Don't think you have to _buy_ "food safe" wood though.  Cherry is cherry whether it's in a bag from Lowes or off the tree in your yard.


----------



## DramaQueen (Aug 12, 2008)

pacanis said:


> So basically what we're saying here is; if it smells good when it smokes, it's OK to smoke food with..... as long as it is a tree that also produces a food, like nuts or fruits..... right?


 
*Not necessarily.  Oak is a great wood for long, slow smoking and it produces no food except for  the squirrels.  *


----------



## Jeff G. (Aug 12, 2008)

DramaQueen said:


> *Not necessarily.  Oak is a great wood for long, slow smoking and it produces no food except for  the squirrels.  *



Actually, properly prepared acorns used to be made into flour for cooking by Native Americans.  The process involved a lot of soaking in running water then drying.   
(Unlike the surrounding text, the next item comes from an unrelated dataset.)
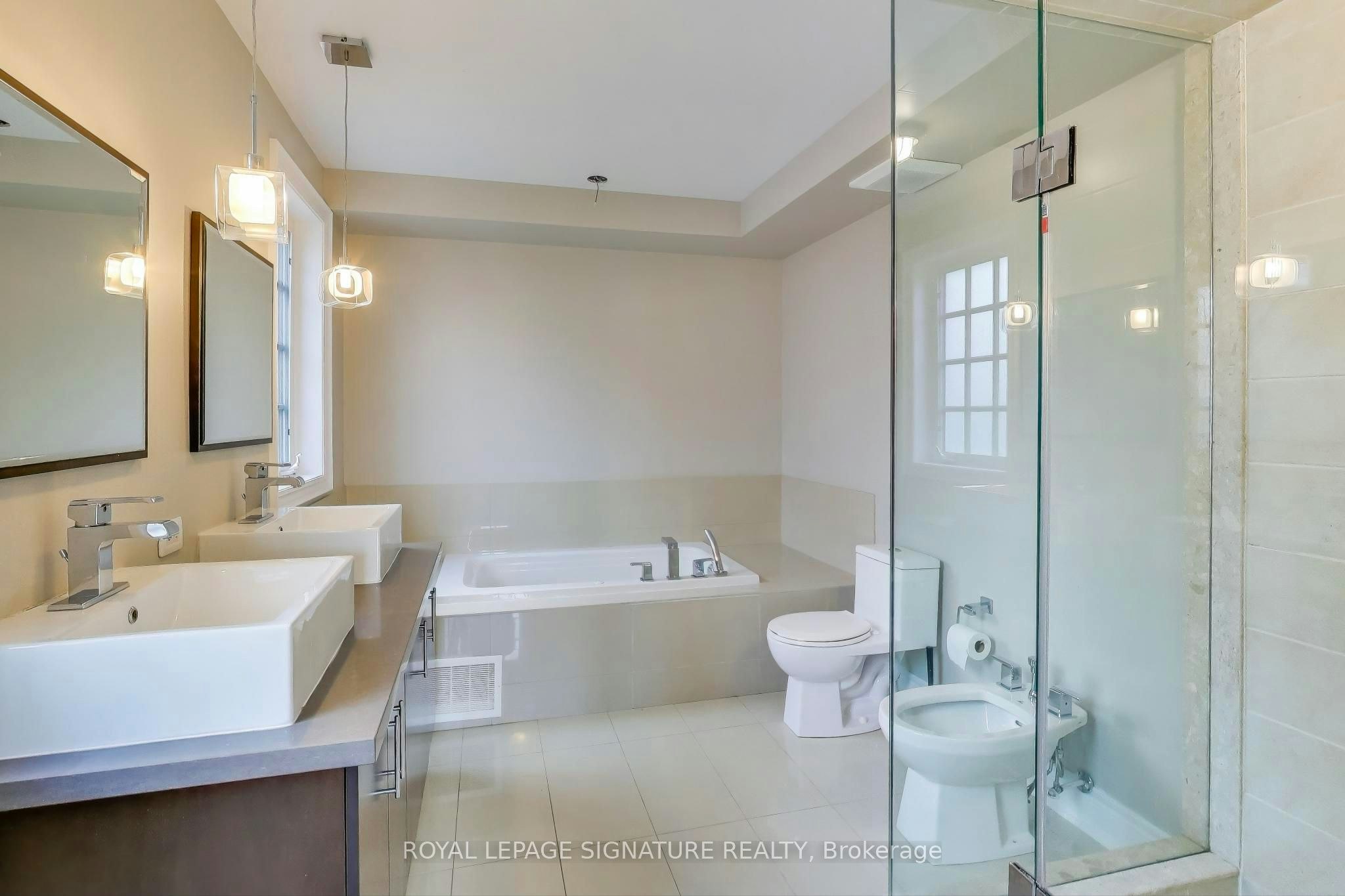 14 Bonnycastle Road, Markham, ON, L6G 0C2 - 30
I don't think Mesquite has a fruit you eat and it is great for smoking. 
Then there is cedar.... While you want to use is sparingly, it is used in cooking. Spanish cedar has a very nice aroma.


----------



## DramaQueen (Aug 12, 2008)

Jeff G. said:


> Actually, properly prepared acorns used to be made into flour for cooking by Native Americans. The process involved a lot of soaking in running water then drying.
> 
> I don't think Mesquite has a fruit you eat and it is great for smoking.
> Then there is cedar.... While you want to use is sparingly, it is used in cooking. Spanish cedar has a very nice aroma.


 
*I have a couple of mesquite trees in my yard in Vegas and they produce no fruit or nuts.  They just stand there and do nothing but look good.    The wood is famous for smoking steaks and chops. *
** 
*As for the acorns, well, now you're stretching it.  LOL.*


----------



## Jeff G. (Aug 12, 2008)

DramaQueen said:


> *I have a couple of mesquite trees in my yard in Vegas and they produce no fruit or nuts.  They just stand there and do nothing but look good.    The wood is famous for smoking steaks and chops. *
> 
> *As for the acorns, well, now you're stretching it.  LOL.*


 
Nope, check it out.. 
Wild Food - Acorn Flour

http://www.jackmtn.com/acornbread.html


----------



## GB (Aug 12, 2008)

DramaQueen said:


> As for the acorns, well, now you're stretching it.  LOL.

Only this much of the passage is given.